• Niels Marthinsen
  • The Roads Round Pisa (2013)

  • Edition Wilhelm Hansen Copenhagen (World)
  • 1(pic).1(ca).1.1/1000/mba/str 1.1.1.1.0
  • 13 min

Programme Note

Commissioned by The Esbjerg Ensemble

Written with financial support from The Danish State Arts Foundation


The Roads Round Pisa (2013) for ten players is the last of a series of seven compositions named after Karen Blixen's collection of short stories Seven Gothic Tales.

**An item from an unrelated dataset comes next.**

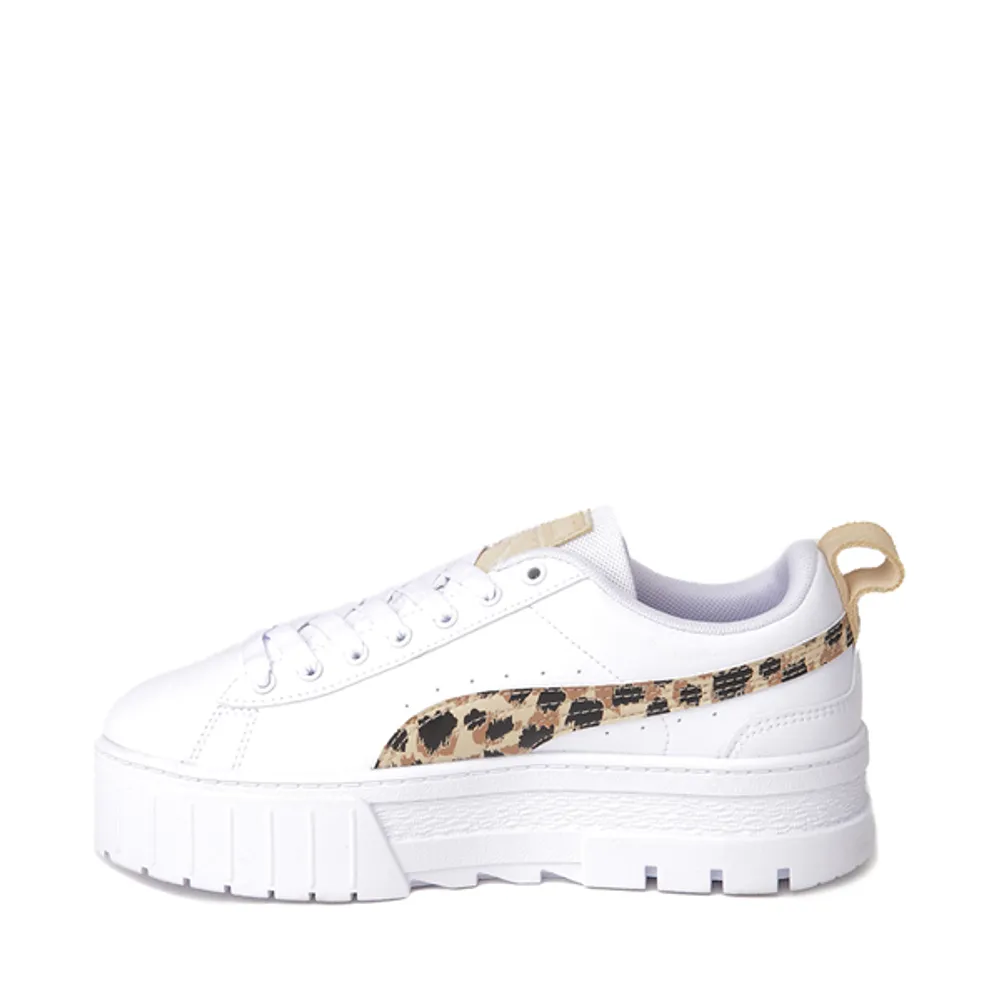 Womens PUMA Mayze Animal Platform Athletic Shoe - White / Leopard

My musical gothic tales are written for very different ensembles - The Supper at Elsinore is a saxophone quartet, The Old Chevalier is for bass trombone and piano, The Monkey and The Deluge at Norderney are chamber orchestra work, The Poet and The Dreamers are trios - but they all share musical material in a criss-cross of contextual references reminiscent of Blixen's narrative complexity: Themes and motives from one piece appear in others in new and surprising shapes and combinations.

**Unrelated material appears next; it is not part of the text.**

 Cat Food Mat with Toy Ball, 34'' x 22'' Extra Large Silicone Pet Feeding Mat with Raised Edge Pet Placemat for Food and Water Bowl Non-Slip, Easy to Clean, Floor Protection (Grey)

Karen Blixen's short story The Roads Round Pisa contains a series of nine tales in which a rather nonenthical character meets a procession of complex persons and situations and, finally, himself. These are tales of mirrors, misunderstandings, and marionettes – and is woven throughout with erotic images. The inset tales give clues to a chain of events that the reader at first finds incomprehensible. And so does the characters in the story - only when all the pieces of the puzzle have been revealed, do they realize the extent of their misunderstandings.

The Roads Round Pise isn't 'about' anything. The music is inspired by the artistic content of Blixen's short story - its emotionalism, dramatic construction, atmosphere, period and setting - but unfolds in time and musical space in ways that are completely independent of the story's narrative progression... except one might say a musical puzzle must be put together in the right order for the true meaning of the work to appear.

The Roads Round Pisa is the last of my gothic tales – here much of the music from the six other compositions comes together with original music as a string of puppets, dancing a series of variations on a little tune that can be sung with this text: 'Den døde natur er altid trist at se' (dead nature is always sad to behold).